Strangely, the text isn't divided in input to the pipeline. The split-point is nettleser som, and input xml has

        <w:t xml:space="preserve">». De benytter et webview, i praksis en nettleser som er bygget inn i Office-programmene, for å vise innholdet sitt og utføre oppgavene sine. </w:t>

Here's what it looks like for the first step of the pipeline:

[transfuse:\/tmp\/transfuse-D7x3hD-8b_Y]

[tf-block:1-Zh6TUA]

Teknologi.[]

[tf-block:2-SKmwAw]

[[t:text:SyTAKg]]Dette er såkalte «Sideloaded Add-ins». De benytter et webview, i praksis en nettleser som er bygget inn i Office-programmene, for å vise innholdet sitt og utføre oppgavene sine.[[/]] .[]

Then right after the full pipeline, we have wordbound tags galore:

[transfuse:\/tmp\/transfuse-D7x3hD-8b_Y]

[tf-block:1-Zh6TUA]

Teknologi.[]

[tf-block:2-SKmwAw]

[[t:text:SyTAKg]]Dette[[/]] [[t:text:SyTAKg]]er[[/]] [[t:text:SyTAKg]]såkalla[[/]] [[t:text:SyTAKg]]«[[/]][[t:text:SyTAKg]]Sideloaded[[/]] [[t:text:SyTAKg]]Add-[[/]][[t:text:SyTAKg]]ins[[/]][[t:text:SyTAKg]]»[[/]][[t:text:SyTAKg]].[[/]] [[t:text:SyTAKg]]Dei[[/]] [[t:text:SyTAKg]]nyttar[[/]] [[t:text:SyTAKg]]eit[[/]] [[t:text:SyTAKg]]webview[[/]][[t:text:SyTAKg]],[[/]] [[t:text:SyTAKg]]i[[/]] [[t:text:SyTAKg]]praksis[[/]] [[t:text:SyTAKg]]ein[[/]] [[t:text:SyTAKg]]ne[[t:text:SyTAKg]]ttl[[/]]esar[[/]] [[t:text:SyTAKg]]som[[/]] [[t:text:SyTAKg]]er[[/]] [[t:text:SyTAKg]]bygd inn[[/]] [[t:text:SyTAKg]]i[[/]] [[t:text:SyTAKg]]Office-[[/]][[t:text:SyTAKg]]programma[[/]][[t:text:SyTAKg]],[[/]] [[t:text:SyTAKg]]for[[/]] [[t:text:SyTAKg]]å[[/]] [[t:text:SyTAKg]]visa[[/]] [[t:text:SyTAKg]]innhaldet[[/]] [[t:text:SyTAKg]]sitt[[/]] [[t:text:SyTAKg]]og[[/]] [[t:text:SyTAKg]]utføra[[/]] [[t:text:SyTAKg]]oppgåvene[[/]] [[t:text:SyTAKg]]sine[[/]][[t:text:SyTAKg]].[[/]] .[]

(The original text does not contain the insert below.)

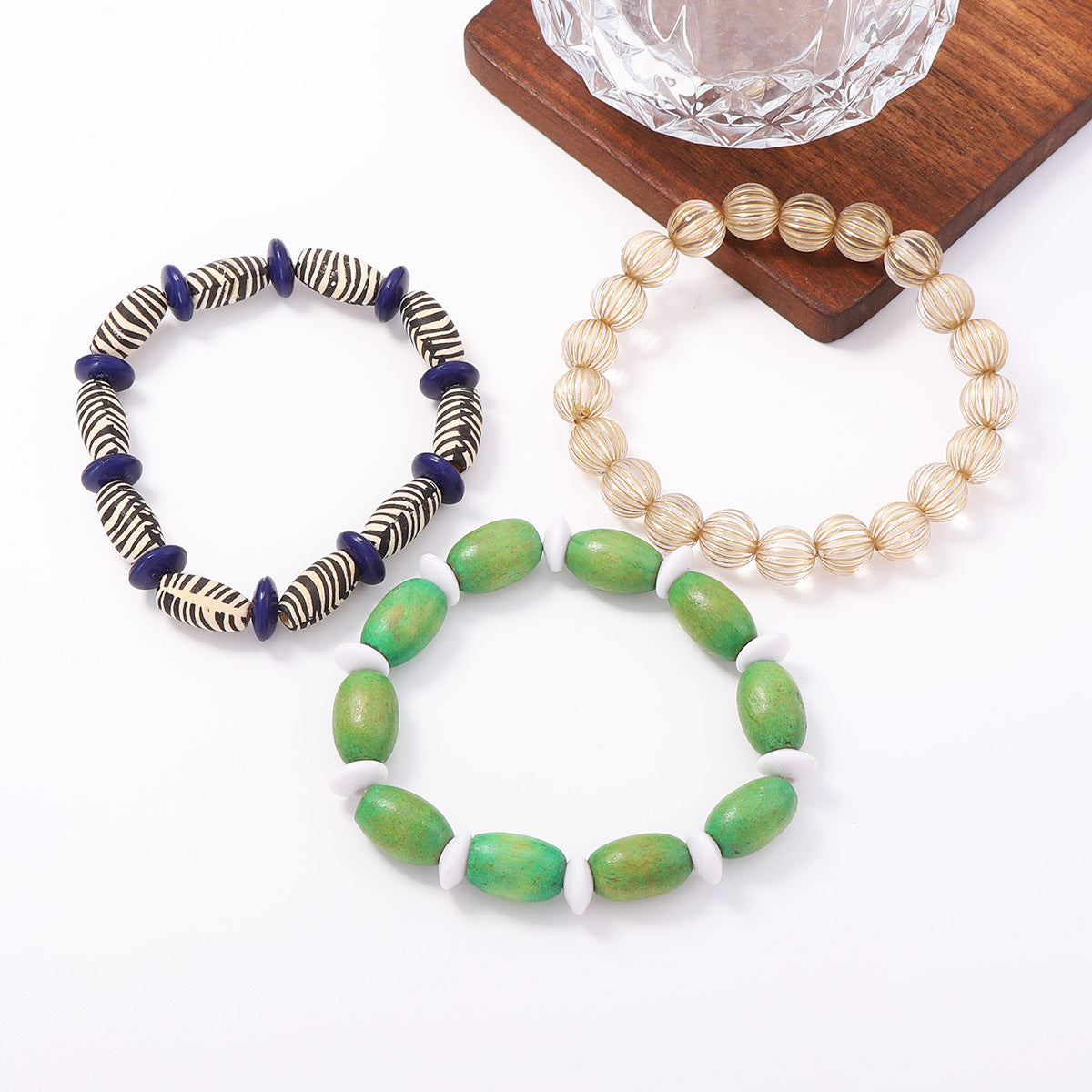 Boho Style Wood Beaded Chain Bracelets 6W6JBR626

The second-to-last step, before postgenerator, looks like
[[t:text:SyTAKg]]ne~tt[[/]][[t:text:SyTAKg]]lesar[[/]]
at the split-point, while after postgenerator we get
[[t:text:SyTAKg]]ne[[t:text:SyTAKg]]ttl[[/]]esar[[/]] [[t:text:SyTAKg]]som[[/]]

So is the issue here that postgenerator should not be creating these nested word blanks, or that transfuse should somehow know how to deal with nested word blanks?

@mr-martian does your apertium/lttoolbox#144 avoid nested word blanks in postgen?

The pipe may not yield nested structures, nor will Transfuse give it nested structures, so that looks like a bug in postgen.